You originally posted because you were looking for a way to treat your anxiety and depression that didn't interact with the warfarin.  This is a question for a hematologist--they deal almost exclusively with blood interactions.  Keep in mind, even if your anxiety is a hindrance in your daily life, your doctor is not going to prioritize it.  They see a history of blood clot and they think, 'if I don't treat this I may have a law suit on my hands.'  Anxiety is not considered life-threatening.  The doctor will always prioritize treating a history of clots over anxiety, if for no other reason than to cover his or her own back.  You have to speak up for yourself and make it known that the anxiety is life-limiting.  But you also need to know your underlying condition when it comes to the clots.  Do not assume that all of the doctors you have seen have access to the same records.  HIPAA requires that they don't without your express written permission.  You have to carry that information with you, either in written documentation or in your head, because it is YOUR life they are fiddling with--your blood and brain chemistry. 

Sorry, that got a bit ranty, but I've had to be my own medical advocate for decades and know just how important it is to keep track of all this.  I also know how crippling anxiety and depression can be.  I want to see you able to get help, and as soon as possible. I come back to--call a hematologist/the professor and find out exactly what is going on with your blood condition and then make it clear that you need treatment for anxiety and depression.  Treating one need not mean ignoring the other, but you are the one who ultimately has to make sure that happens and you can do it.

Hello gailleatha,

I had a hip replacement 10 weeks ago and between week 7/8 I developed blood clots in the lungs. I have been put on apixaban for 3 months. Your post that says you had a second P.E 45 days later. That has shocked me that they can return so quickly.
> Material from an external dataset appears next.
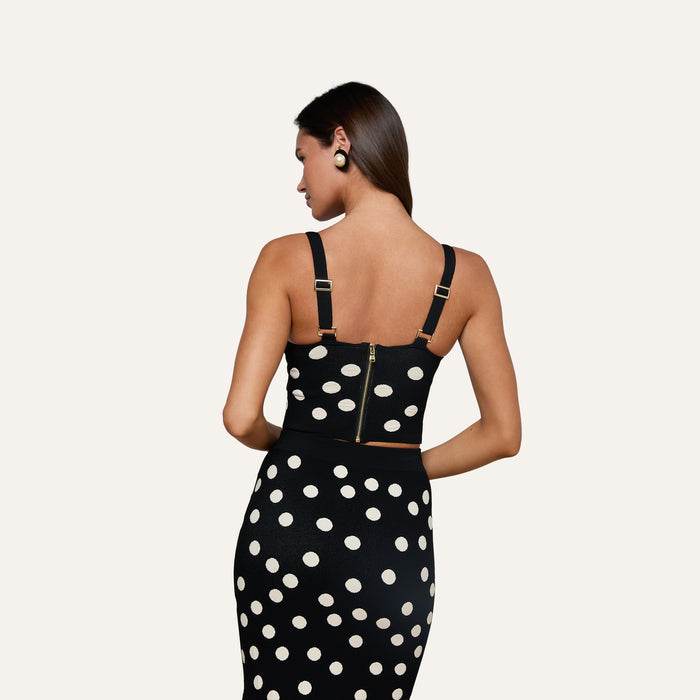 A woman with long brown hair is seen from behind, wearing the Tula Knit Bra Top—a corset-style black crop top paired with a matching skirt featuring large jacquard polka dots. She accessorizes with black earrings and stands against a plain light background.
I am 61 and normally healthy, I do not take any medication from the doctor. It was the worst decsion ever to have the hip replacement, I would have preferred managing the pain than having P.E and ruining my health.

I could not take these tablets for life, have the doctors not given you any idea as to why you got another so soon. I am planning on taking bromelain in september when I am finished with the apixaban, it may stop the platelets clotting, certainly worth me trying.